### Your assignment
All the data should be printed again exactly as written.

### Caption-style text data
---

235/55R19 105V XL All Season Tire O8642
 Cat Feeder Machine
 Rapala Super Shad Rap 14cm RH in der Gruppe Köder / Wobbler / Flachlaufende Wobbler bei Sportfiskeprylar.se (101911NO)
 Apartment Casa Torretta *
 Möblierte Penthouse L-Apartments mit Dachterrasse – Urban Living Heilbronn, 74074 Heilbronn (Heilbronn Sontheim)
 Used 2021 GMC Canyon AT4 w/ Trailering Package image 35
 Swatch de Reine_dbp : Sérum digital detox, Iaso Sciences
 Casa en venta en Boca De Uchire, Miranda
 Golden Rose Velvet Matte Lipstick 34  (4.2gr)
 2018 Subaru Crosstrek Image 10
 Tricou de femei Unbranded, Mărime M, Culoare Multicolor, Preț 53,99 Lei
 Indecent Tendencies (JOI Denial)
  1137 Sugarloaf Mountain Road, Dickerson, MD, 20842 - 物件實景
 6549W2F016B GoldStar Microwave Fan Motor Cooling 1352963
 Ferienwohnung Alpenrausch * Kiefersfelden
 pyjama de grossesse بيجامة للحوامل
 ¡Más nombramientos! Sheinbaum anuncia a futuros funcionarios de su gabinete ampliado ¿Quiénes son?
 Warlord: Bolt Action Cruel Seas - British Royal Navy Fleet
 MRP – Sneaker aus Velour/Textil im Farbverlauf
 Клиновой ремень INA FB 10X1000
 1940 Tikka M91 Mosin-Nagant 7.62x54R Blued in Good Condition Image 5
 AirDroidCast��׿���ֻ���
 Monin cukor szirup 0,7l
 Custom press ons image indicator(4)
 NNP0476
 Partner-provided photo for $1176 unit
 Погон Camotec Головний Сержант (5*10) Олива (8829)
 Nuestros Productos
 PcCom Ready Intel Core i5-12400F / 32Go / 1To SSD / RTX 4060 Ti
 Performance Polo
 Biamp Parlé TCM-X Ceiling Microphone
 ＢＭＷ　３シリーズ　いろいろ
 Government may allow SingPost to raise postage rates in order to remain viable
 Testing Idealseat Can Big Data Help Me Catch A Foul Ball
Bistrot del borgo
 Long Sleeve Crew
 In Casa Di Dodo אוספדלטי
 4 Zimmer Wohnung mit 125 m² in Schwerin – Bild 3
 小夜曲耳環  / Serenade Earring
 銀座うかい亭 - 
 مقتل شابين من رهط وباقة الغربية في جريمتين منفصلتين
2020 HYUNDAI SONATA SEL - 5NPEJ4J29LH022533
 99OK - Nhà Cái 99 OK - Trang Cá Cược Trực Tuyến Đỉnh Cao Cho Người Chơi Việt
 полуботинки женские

---

### Response area
235/55R19 105V XL All Season Tire O8642
 Cat Feeder Machine
 Rapala Super Shad Rap 14cm RH in der Gruppe Köder / Wobbler / Flachlaufende Wobbler bei Sportfiskeprylar.se (101911NO)
 Apartment Casa Torretta *
 Möblierte Penthouse L-Apartments mit Dachterrasse – Urban Living Heilbronn, 74074 Heilbronn (Heilbronn Sontheim)
 Used 2021 GMC Canyon AT4 w/ Trailering Package image 35
 Swatch de Reine_dbp : Sérum digital detox, Iaso Sciences
 Casa en venta en Boca De Uchire, Miranda
 Golden Rose Velvet Matte Lipstick 34  (4.2gr)
 2018 Subaru Crosstrek Image 10
 Tricou de femei Unbranded, Mărime M, Culoare Multicolor, Preț 53,99 Lei
 Indecent Tendencies (JOI Denial)
  1137 Sugarloaf Mountain Road, Dickerson, MD, 20842 - 物件實景
 6549W2F016B GoldStar Microwave Fan Motor Cooling 1352963
 Ferienwohnung Alpenrausch * Kiefersfelden
 pyjama de grossesse بيجامة للحوامل
 ¡Más nombramientos! Sheinbaum anuncia a futuros funcionarios de su gabinete ampliado ¿Quiénes son?
 Warlord: Bolt Action Cruel Seas - British Royal Navy Fleet
 MRP – Sneaker aus Velour/Textil im Farbverlauf
 Клиновой ремень INA FB 10X1000
 1940 Tikka M91 Mosin-Nagant 7.62x54R Blued in Good Condition Image 5
 AirDroidCast��׿���ֻ���
 Monin cukor szirup 0,7l
 Custom press ons image indicator(4)
 NNP0476
 Partner-provided photo for $1176 unit
 Погон Camotec Головний Сержант (5*10) Олива (8829)
 Nuestros Productos
 PcCom Ready Intel Core i5-12400F / 32Go / 1To SSD / RTX 4060 Ti
 Performance Polo
 Biamp Parlé TCM-X Ceiling Microphone
 ＢＭＷ　３シリーズ　いろいろ
 Government may allow SingPost to raise postage rates in order to remain viable
 Testing Idealseat Can Big Data Help Me Catch A Foul Ball
Bistrot del borgo
 Long Sleeve Crew
 In Casa Di Dodo אוספדלטי
 4 Zimmer Wohnung mit 125 m² in Schwerin – Bild 3
 小夜曲耳環  / Serenade Earring
 銀座うかい亭 - 
 مقتل شابين من رهط وباقة الغربية في جريمتين منفصلتين
2020 HYUNDAI SONATA SEL - 5NPEJ4J29LH022533
 99OK - Nhà Cái 99 OK - Trang Cá Cược Trực Tuyến Đỉnh Cao Cho Người Chơi Việt
 полуботинки женские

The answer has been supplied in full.